In 2009, the League logged 1,211 anti-Semitic acts committed throughout the United States. This marked a slight decline from 2008, when the organization counted 1,352 incidents. But Massachusetts saw a slight rise in the number of anti-Semitic acts throughout the year: The Anti-Defamation League recorded 55 incidents in the state, up from 52 in 2008. The number of incidents in Massachusetts had been declining since 2004. Although the increase was not big, the League’s New England regional director, Derrek L. Shulman, said the numbers show that anti-Semitism, like racism, sexism, and homophobia, still exists. The audit “shows anti-Semitism is very much a part of the fabric of America, be it urban or suburban or rural,’’ Shulman said. “The important thing is not that it went up by three incidents in Massachusetts, it’s that we still have it, and it still requires us to be steadfast in our response to it and in confronting it.’’

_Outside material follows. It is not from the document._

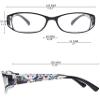KOOSUFA Women's Reading Glasses, Full-Rim Floral Frame, Black, +5.5 view 2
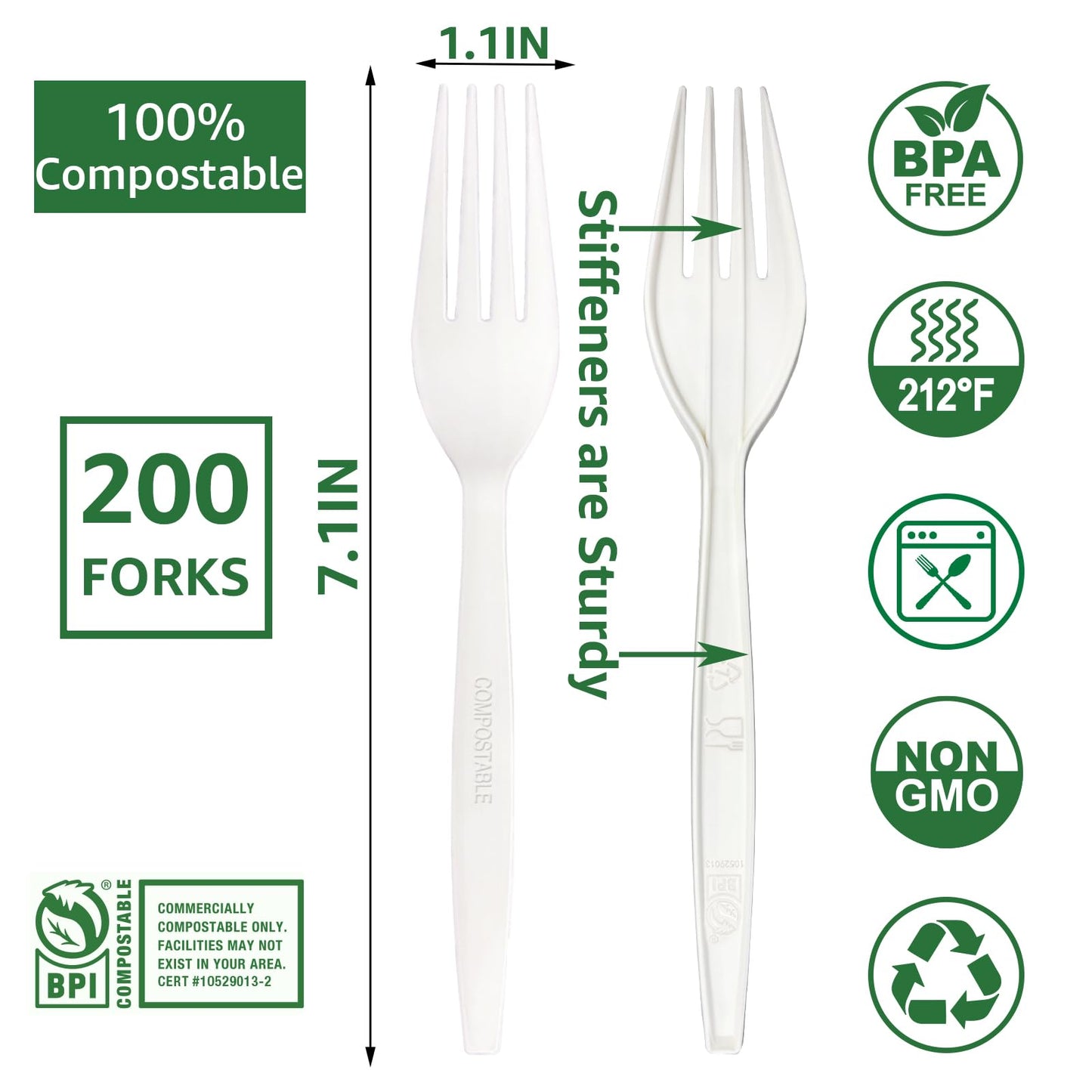 MISISIPI [7.1In 200Pcs] 100% Compostable Forks Biodegradable Forks HeavyDuty No Plastic Forks Eco-friendly HeavyWeight Disposable Forks Tableware Set for Lounge,Party,BBQ,Cafeteria,Wedding,Picnic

Among the most disturbing patterns the audit revealed, Shulman said, was a sharp increase in anti-Semitic activity on the Internet. “The Web makes it much easier to get anti-Semitic filth out into the mainstream,’’ he said. “It gives people the ability to sit behind the cover of their keyboard and send out things that they would be uncomfortable sharing in the light of day.’’ Extremists have begun using Facebook and MySpace, blogs, or other websites, such as YouTube, to espouse hateful messages, Shulman said. “Just because it’s generated on the Web makes it no less destructive,’’ Shulman said. “Ten years ago, how could anyone get something like that into perfectly reputable newspapers, for example? But now, message boards of well-known organizations can be taken over by people generating and spreading anti-Semitic hate.’’ Alperowitz, who has worked in the Hyannis synagogue for 15 years, said education is the best way to combat the prejudice that leads to acts of hate. “We need to strengthen education and make it clear what is acceptable and that certain things are unacceptable,’’ he said. “I feel these acts come from a marginal group of the population, however, these people are out there and we can’t ignore them.’’ Maine, New Hampshire, and Vermont all saw reductions in the number of reported cases. California and New York reported the most anti-Semitic incidents, while Arkansas, Hawaii, Kentucky, Maine, Montana, and Nevada had only one reported incident apiece.